Drug Development for Gene Therapy Industry-centric perspective on translational and bioanalytical challenges and best practices for gene therapies
Drug Development for Gene Therapy focuses on the translational and bioanalytical challenges and best practices for gene therapy modalities, presenting a significant body of data, including information related to safety and efficacy, necessary to advance through the development pipeline into clinical use. The text covers bioanalytical methods and platforms including patient screening assays, different PCR tests, enzyme activity assays, ELISpot, NGS, LC/MS, and immunoassays, with FDA and EMA guidelines on gene therapy safety and efficacy, along with companion diagnostics regulations from US and EU perspectives.
The chapters offer an in-depth discussion of the basics and best practices for translational biomarkers, bioanalysis, and developing companion diagnostics / lab tests for gene therapies in the pharma and biopharma industries.

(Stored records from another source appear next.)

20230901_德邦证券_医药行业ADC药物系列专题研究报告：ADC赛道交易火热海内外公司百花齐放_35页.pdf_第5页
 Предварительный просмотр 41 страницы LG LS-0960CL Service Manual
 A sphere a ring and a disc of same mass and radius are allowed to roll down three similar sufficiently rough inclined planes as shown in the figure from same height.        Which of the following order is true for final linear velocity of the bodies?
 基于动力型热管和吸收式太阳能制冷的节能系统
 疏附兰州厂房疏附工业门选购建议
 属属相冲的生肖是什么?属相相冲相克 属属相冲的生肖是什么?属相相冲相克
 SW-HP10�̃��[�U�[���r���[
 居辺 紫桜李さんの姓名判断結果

To aid in reader comprehension, the text includes clinical examples of relevant therapies in related chapters. Some of the core topics covered include study design, immunogenicity, various bioanalytical methods and their applications, and global regulatory issues.
Written by two highly qualified authors with significant experience in the field, Drug Development for Gene Therapy includes information on:
Bioanalytical methods to detect pre-existing antibodies against adeno-associated viruses (AAV) capsids Detection of cellular immunity and humoral response to viral capsids and transgene proteins, and immunogenicity of gene therapy products Nonclinical and clinical study considerations and methods for biodistribution and shedding Quantification of transgene protein expression and biochemical function, and substrate and distal pharmacodynamic biomarker measurements for gene therapy Detection and quantification of rAAV integration and off-target editing Current regulatory landscape for gene therapy product development and the role of biomarkers and general regulatory considerations for gene therapy companion diagnostics
With comprehensive coverage of the subject, Drug Development for Gene Therapy is a must-have resource for researchers and developers in the areas of pharmaceuticals, biopharmaceuticals, and contract research organizations (CROs), along with professors, researchers, and advanced students in chemistry, biological, biomedical engineering, pharmaceuticals, and medical sciences.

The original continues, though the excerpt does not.